Love how people on youtube are ripping into him in the comments!
Here are a few of my favorites!

"Hmmmm Guess you are too dumb to know the hole is supposed to be there so the pump doesn't get air-locked.
Guess you were also too dumb to know that a check valve is needed.
Just another dumb plumbing video on you tube by someone that just doesn't know jack.﻿"
PlumbDum 10 hours ago

"you are a total moron....
you dont have a clue as to what you are talking about
do you work for the﻿ government??"
masterplumbermark 4 hours ago


----------



## 422 plumber (Jul 31, 2008)

I am sure he has a cross connection somewhere, too.
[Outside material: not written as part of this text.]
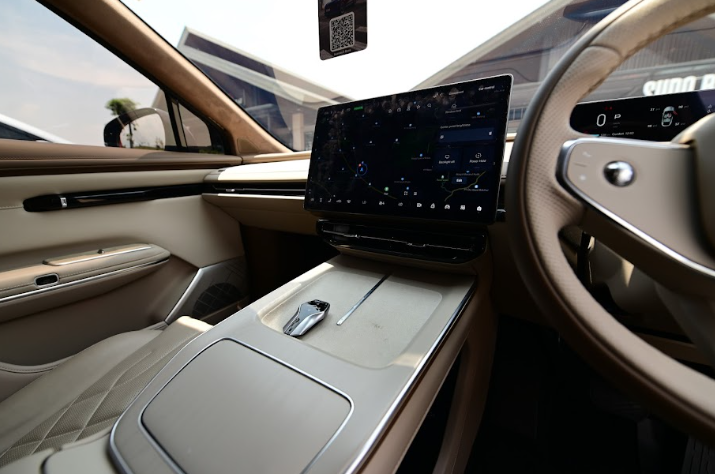 berita, Berita Otomotif, news, Hyptec HT, AION, First Drive Hyptec HT: SUV Listrik Rp600 Jutaan dengan Kenyamanan Mobil Premium, Perjalanan dan Pengalaman Berkendara Hyptec HT, Kenyamanan Kabin Hyptec HT, Fitur Interior Hyptec HT, Tersedia Teknologi Pengharum Kabin, Desain Eksterior Hyptec HT, Mewah dengan Panoramic Roof, Dimensi dan Performa Hyptec HT, Konsumsi Energi dan Suspensi Hyptec HT, Teknologi dan Fitur Hiburan Hyptec HT, Sistem Pencahayaan dan Keamanan Hyptec HT, Fitur V2L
Seems like the type to hook up a garden hose to a ortho weed killer bottle that screws on to the end of the hose.


----------



## easttexasplumb (Oct 13, 2010)

billy_awesome said:


> Love how people on youtube are ripping into him in the comments!
> Here are a few of my favorites!
> 
> "Hmmmm Guess you are too dumb to know the hole is supposed to be there so the pump doesn't get air-locked.
> ...


Some of the names of the recent people commenting look familar. :laughing:


----------



## DUNBAR PLUMBING (Sep 11, 2008)

I just posted but I kept it tame.


----------



## Tommy plumber (Feb 19, 2010)

Probably the same idiot who returns an electric W/H back to Home Depot several times because he thinks the ones he's buying all have burnt out elements......:laughing:


----------



## Turd Chaser (Dec 1, 2011)

What a moron...I do like the smurf pajama pants at the end. Nice touch. The Zoeller M53 is a rock solid pump, actually all zoeller pumps are rock solid.


----------



## DUNBAR PLUMBING (Sep 11, 2008)

*Every one of you who commented on this video, or has the capability to do so, click on the thumbs down and give it a negative rating.*


----------



## 130 PLUMBER (Oct 22, 2009)

DUNBAR PLUMBING said:


> *Every one of you who commented on this video, or has the capability to do so, click on the thumbs down and give it a negative rating.*


Just did it!!:laughing::laughing::laughing:


----------



## AlbacoreShuffle (Aug 28, 2011)

DUNBAR PLUMBING said:


> *Every one of you who commented on this video, or has the capability to do so, click on the thumbs down and give it a negative rating.*


I did it but what does it do ?


----------